November 2009

  • November 11, 2009

    Adam Liptak revisits a recent discussion between Supreme Court Justices Stephen Breyer and Antonin Scalia, which included debate over methods of interpreting the Constitution. During an event at the University of Arizona, Scalia defended "originalism" as the proper way to interpret the Constitution and Breyer countered that the Constitution would likely prove useless in today's society if it were so rigidly interpreted. Liptak maintained in his article that the two "know how to get under each other's skin, and they punctuated their debate with exasperation, eye-rolling and venomous sarcasm." (C-SPAN has video of the debate here.)

    But what really irks Scalia and other supporters of his brand of originalism, is, Liptak reports, discussion of Brown v. Board of Education, the high court decision that concluded that school segregation violated the 14th Amendment. Brown, Liptak writes, is "hard to square with Justice Scalia's commitment to originalism, the theory of constitutional interpretation that says judges must apply the original understanding of the constitutional text." 

    Liptak continued:

    Brown presents originalists with a problem. The weight of the historical evidence is that the people who drafted, proposed and ratified the 14th Amendment from 1866 to 1868 did not believe themselves to be doing away with segregated schools.

    Yet Brown is widely thought to be a moral triumph. A theory of constitutional interpretation that cannot account for Brown is suspect if not discredited.

    As Liptak reported, not too long into their discussion at the University of Arizona, Breyer prodded Scalia to square originalism with the outcome of Brown.

    "Where would you be with school desegregation?" Breyer asked Scalia.

    But Scalia, Liptak reports, failed to provide a direct answer and instead turned his attention to the earlier high court decision in Plessy v. Ferguson, saying he would have sided with the dissent in that case. The majority in Plessy ruled that legalized segregation did not violate the Constitution.

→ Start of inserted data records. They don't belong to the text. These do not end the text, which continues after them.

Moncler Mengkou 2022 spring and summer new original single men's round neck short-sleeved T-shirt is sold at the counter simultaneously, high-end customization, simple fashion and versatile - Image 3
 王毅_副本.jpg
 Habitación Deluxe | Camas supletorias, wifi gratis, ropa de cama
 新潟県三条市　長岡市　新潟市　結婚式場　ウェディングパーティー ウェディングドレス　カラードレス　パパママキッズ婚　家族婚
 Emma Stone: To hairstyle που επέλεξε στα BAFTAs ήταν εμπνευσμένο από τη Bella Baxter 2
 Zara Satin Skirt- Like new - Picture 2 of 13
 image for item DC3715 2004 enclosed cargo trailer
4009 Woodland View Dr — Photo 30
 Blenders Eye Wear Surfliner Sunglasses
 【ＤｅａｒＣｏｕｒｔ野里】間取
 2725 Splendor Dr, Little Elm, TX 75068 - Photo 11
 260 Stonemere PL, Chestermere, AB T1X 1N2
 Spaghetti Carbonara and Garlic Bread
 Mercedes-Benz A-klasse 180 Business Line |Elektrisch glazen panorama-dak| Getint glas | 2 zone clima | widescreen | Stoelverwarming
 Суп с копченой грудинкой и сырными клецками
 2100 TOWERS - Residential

    Breyer maintains, as he did during the Arizona debate, that the words of the Constitution, if they are to have relevance today, cannot be interpreted in the framework of the 18th century. In a 2007 dissent in Parents Involved v. Seattle School District 1, Justice Breyer wrote:

    For much of this Nation's history, the races remained divided. It was not long ago that people of different races drank from separate fountains, rode separate buses, and studied in separate schools. In this Court's finest hour, Brown v. Board of Education challenged this history and helped to change it. For Brown held out a promise. It was a promise embodied in three Amendments designed to make citizens of slaves. It was the promise of true racial equality - not as a matter of fine words on paper, but as a matter of everyday life in the Nation's cities and schools. It was about the nature of a democracy that must work for all Americans. It sought one law, one Nation, one people, not simply as a matter of legal principle but in terms of how we actually live.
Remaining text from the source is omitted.